High-Level Similarities and Differences
All of the high-level features we’ve come to expect from a modern transactional storage engine, like InnoDB, are also present in PBXT:
MVCC: multiple readers and writers, readers do not lock
Transactional: BEGIN, ROLLBACK, and COMMIT
ACID-Compliant: committed data is durable
Row-Level Locking: good concurrency for mixed read/write applications
Deadlock Detection: smart and fast handling of contention
Referential Integrity: foreign keys
In other words, applications designed around InnoDB are likely to work well using PBXT as well. But there are also some noteworthy features that are unique to PBXT.
Write-Once: unlike InooDB, PBXT writes all data to disk a single time (more on this shortly) which means a lot less I/O on write-heavy workloads
BLOB Streaming: using the Primebase Media Streaming (PBMS) add-on, PBXT can efficiently handle streaming of BLOB data to the client without blowing out the main database cache
The similarities between InnoDB and PBXT aren’t terribly interesting for most purposes, so let’s dig a little deeper into what’s truly unique to PBXT.
The most important design choice that Paul McCullagh (PBXT’s lead developer–see his PBXT blog) made was to use a log-oriented storage system instead of the more traditional tablespaces. I referred to this above as a “write-once” strategy that’s different from what InnoDB does. InnoDB writes all changes to a transaction log on disk (as well as the in-memory version of the affected pages from the modified table(s)) and eventually writes those changed pages back out to the tablespace file(s) on disk too.
PBXT does not separate the data storage from the logs. They are one in the same. That leads to some very interesting consequences, some of which are quite beneficial:
Table size is essentially unlimited since filesystem per-file restrictions are not a factor
Logs are written sequentially, so random I/O operations are reduced and you can get more throughput out of your disks
Log entries are written at commit, so there are no “dirty buffers” to manage in the server
Log entries are never updated–an update to a record means writing a new log entry
Rollbacks require no changes to the data (since records are never modified)
Recovery from a crash does not require an extensive replaying of logs, so recovery time is minimal
Now there’s a bit more to the picture than this. Logs alone don’t provide enough information to represent a table. There actually is a file on disk for each table stored in PBXT. But that file is really just a collection of references to the rows it the table. In PBXT lingo, those references are called “handles” and they act as pointers to the information necessary to construct a given row in a given table–the log entries.
Some of PBXT’s performance comes from the fact that the heavy-duty I/O is all written to log files in serial fashion. The handles are relatively compact in size, so as new row data is written to the logs, updating the handle references is a fairly inexpensive operation.

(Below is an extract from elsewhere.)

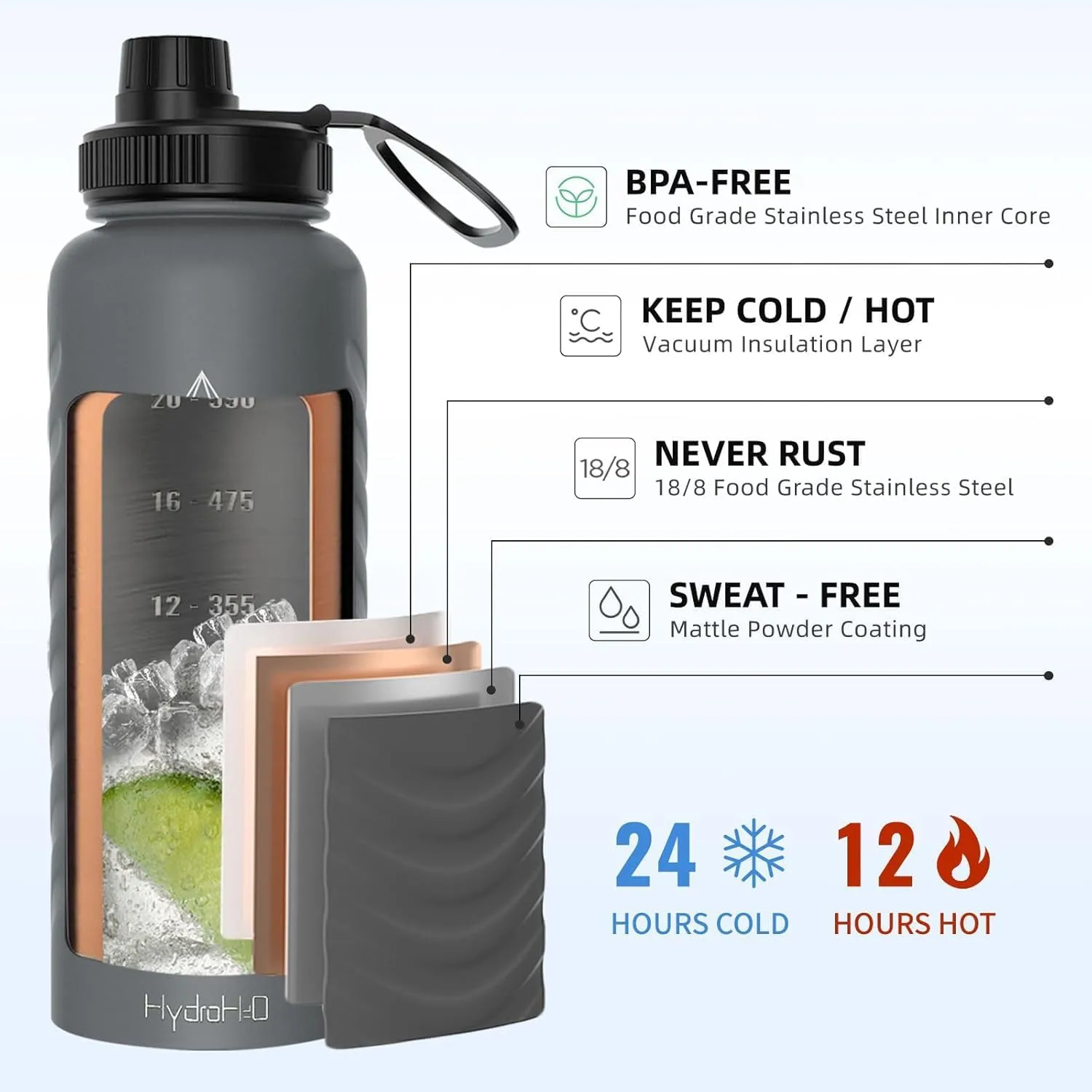 32oz Insulated Water Bottle with Straw and Spout,Stainless Steel with Fluid Scale,Leak-Proof,Wide Mouth,BPA-Free,Silicone Boot & Handle – Gray Sports Flask for Gym,Hiking,Travel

PBXT has been in development for several years and has all the necessary features to put it on par with InnoDB and other engines. Most recent work has been performance optimization and finishing off small bug fixes. That performance work has paid off well. In some benchmarks PBXT performs as well as or even better than InnoDB.
From a stability point of view, PBXT has a growing user base using it for more and more important tasks. That’s the single best endorsement for the stability of any piece of software. I fully expect to see adoption of PBXT really accelerate in the next twelve months. As of this writing, the second PBXT release candidate (RC) is available for testing.